PROJECT SUMMARY Though the one-year survival rate in cardiac transplantation has reached 90-95%, the mortality rate beyond the first year has not changed in the last two decades. Immune-mediated damage remains the primary cause of long-term graft failure. Findings from our and other studies provide the rationale for investigating the gut microbiome as a determinant of post-transplantation outcomes and as a potential tool to induce immune modulation to improve long-term graft outcomes. The goal of this study is to determine the mechanisms by which the gut microbiome impacts allograft outcome. We postulate that the disrupted metabolic activities of the gut microbiome lead to inflammatory responses and intestinal injury via cell-type specific responses in the intestinal cells network, which subsequently modulate alloimmunity and ultimately chronic cardiac graft outcomes.

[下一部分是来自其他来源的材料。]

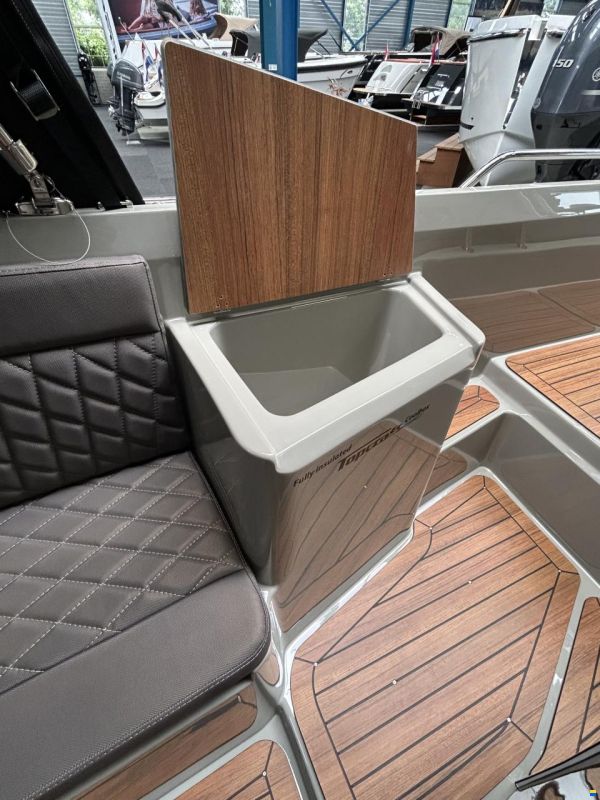 Topcraft 627 Tender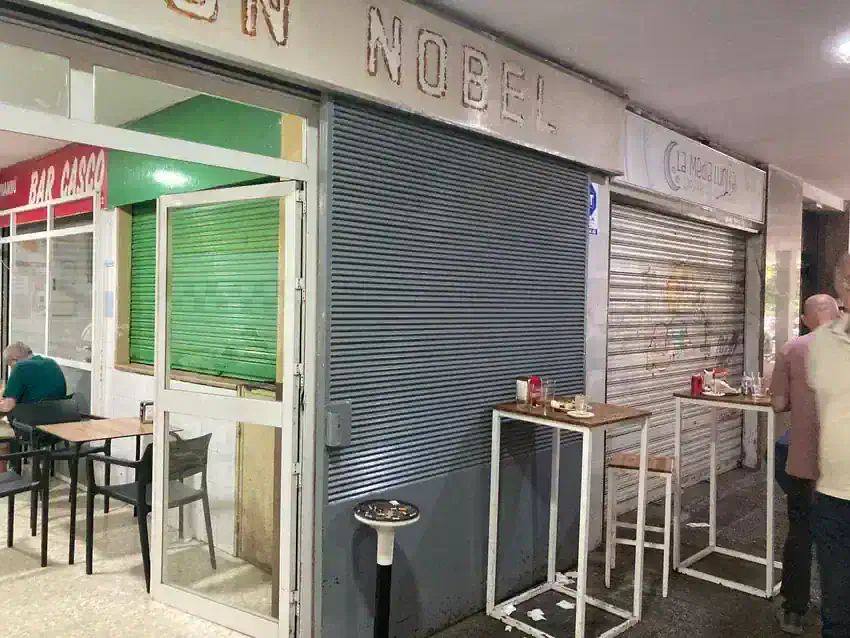 Local de Moda en Venta en El Juncal - El Plantinar, Sevilla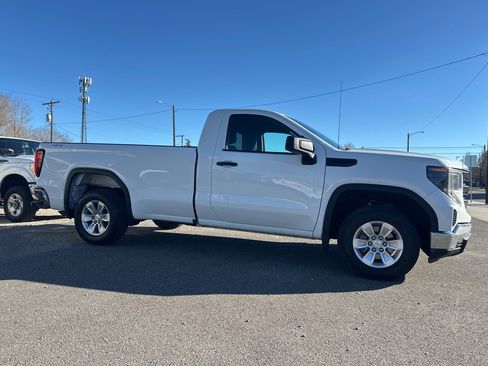 Used 2023 GMC Sierra 1500 Pro w/ Convenience Package AWD/4WD image 3
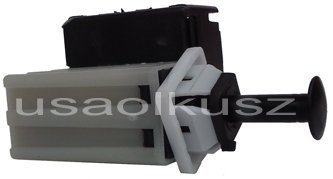 Oryginalny MOPAR włącznik świateł STOP Jeep Patriot 2009-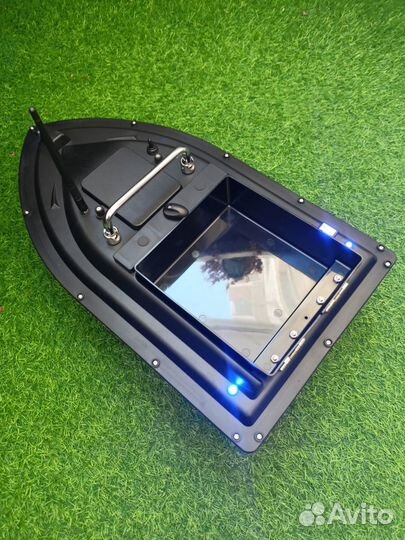 Прикормочный кораблик Тритон 2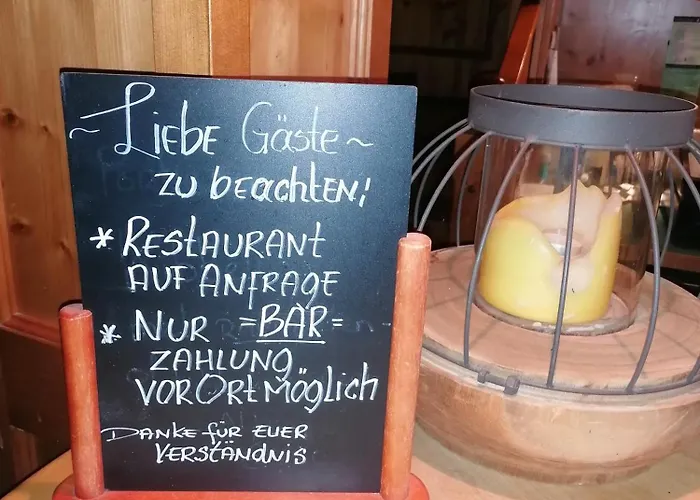 Waldecker Taverne 酒店 *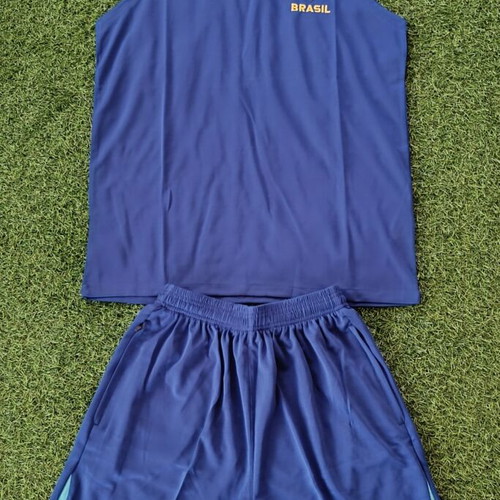 Brazil training set, size L, blue, Nike replica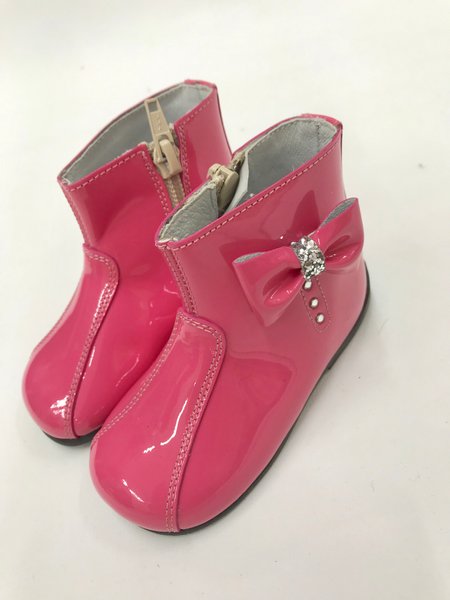 Andanines Baby Girls Cerise Pink Patent Leather Boot C92001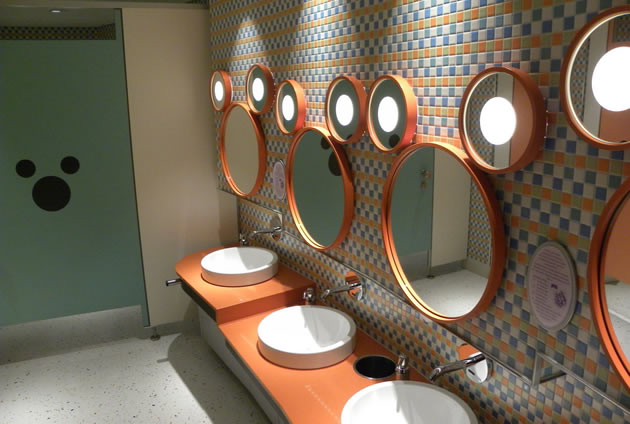 東京ディズニーランドでトイレの行列に並ばずに済むために知っておくべき3つのトイレ ディズニツアーズ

We will take advantage of our clinically-relevant cardiac transplant murine model of chronic rejection with well-characterized alloresponses, induced by pro- or anti-inflammatory bacteria, to determine the alterations in the microbial metabolic activities in Aim 1, then to identify local intestinal barrier changes and the underlying intestinal cell-type specific responses in Aim 2, and finally to characterize systemic alloresponses and graft survival in Aim 3, in order to obtain a holistic understanding of the precise mechanisms of microbiome-driven chronic graft outcomes. The proposed work will identify novel and critical microbiome-based targets for diagnostic application and therapeutic intervention, and discern the complex and bidirectional dialogue between the microbiome and alloimmunity to promote transplant immunologic quiescence and long- term cardiac graft survival.

项目概要 虽然心脏移植的一年生存率已达到90-95%，但死亡率却超过了10%。 第一年在过去二十年里没有改变。免疫介导的损伤仍然是导致疾病的主要原因 长期移植失败。我们和其他研究的结果为研究肠道提供了基本原理 微生物组作为移植后结果的决定因素和诱导免疫的潜在工具 调节以改善长期移植结果。本研究的目的是通过以下方式确定机制： 肠道微生物组影响同种异体移植的结果。我们假设代谢活动被破坏 肠道微生物群通过细胞类型特异性反应导致炎症反应和肠道损伤 肠细胞网络，随后调节同种免疫并最终调节慢性心脏移植 结果。我们将利用我们临床相关的慢性排斥反应的心脏移植小鼠模型 具有明确的同种异体反应，由促炎或抗炎细菌诱导，以确定 目标 1 中微生物代谢活动的变化，然后确定局部肠道屏障的变化和 目标 2 中潜在的肠道细胞类型特异性反应，并最终表征全身同种反应 和目标 3 中的移植物存活，以获得对精确机制的全面了解 微生物组驱动的慢性移植物结果。拟议的工作将确定基于微生物组的新颖且关键的 诊断应用和治疗干预的目标，并辨别复杂和双向的 微生物组和同种免疫之间的对话，以促进移植免疫静止和长期免疫 心脏移植物的足月存活率。